Resistance was an act of courage by many other leaders, and ordinary citizens, including people of many faiths and backgrounds in Austria, Belgium, Czechoslovakia, Denmark, Holland, Hungary, Morocco, Romania and many other countries.
Countless Jewish parents engaged in resistance by dropping off their children into the care of Catholics who risked their own lives to hide and provide for their young Jewish charges. In Belgium alone, 800 Jewish children were saved by being hidden and educated in Catholic convent schools from 1939 to 1945.
Resistance was so prevalent among Catholic clergy that the Nazis designed special torture for Catholic priests and nuns who were caught saving Jews.
In 1939, Germany invaded Czechoslovakia. In every Jewish community, the Nazis appointed a Judenrat. A Judenrat was a council of Jewish community leaders who were forced by the Nazis to help carry out their mandate at risk of torture to their owns families. With Europe teetering on the brink of war, the government of Denmark agreed to take in two hundred Jewish children from Czechoslovakia.
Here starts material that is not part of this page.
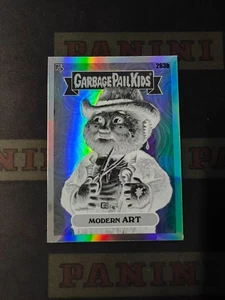 2024 Topps Chrome Garbage Pail Kids Negative Refractor 263b Modern Art - Picture 1 of 2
The Germans forced the Judenrat in Prague to select the two hundred Jewish children from among thousands upon thousands of Jewish children in Prague and the surrounding areas. Wringing their hands, and with impending danger to their own children, the leaders of the Prague Judenrat decided to run a lottery.
Chana Dubova was a young teenager who grew up in Prague. Chana’s father was a doctor and the family lived comfortably. Chana loved sports, but even before the German invasion, Jewish children were not allowed to join public sports teams in Czechoslovakia. So Chana played sports with Maccabee, which was part of the Jewish Zionist youth movement.
Chana also loved learning, but after the Nazi invasion, all Jewish children and teenagers in Czechoslovakia were expelled from school for being Jewish.
Chana was one of the two hundred Jewish children to win the Judenrat lottery. She hugged and kissed her parents and her brother Peter, and she was soon on her way to Denmark. One of the saddest day’s of Chana’s life was when she received the last letter from her brother Peter who was four years younger. “I thought I would be bar mitzvah,” Peter wrote, “but it doesn’t look that way. That was the only thing I wanted to live for, my Bar Mitzvah.” The tone of Peter’s letter worried Chana, and shortly after, she received a letter from her parents. “This is the last letter,” they wrote. “We have been selected.” Chana’s parents and brother were taken to Auschwitz.
The Nazis invaded Denmark in April 1940. The Danish King Christian X encouraged his subjects to resist the Nazi occupation and save the Jews of Denmark. As a symbol of courage and resistance, King Christian rode his horse through the streets of Copenhagen every morning alone, unarmed and without an escort.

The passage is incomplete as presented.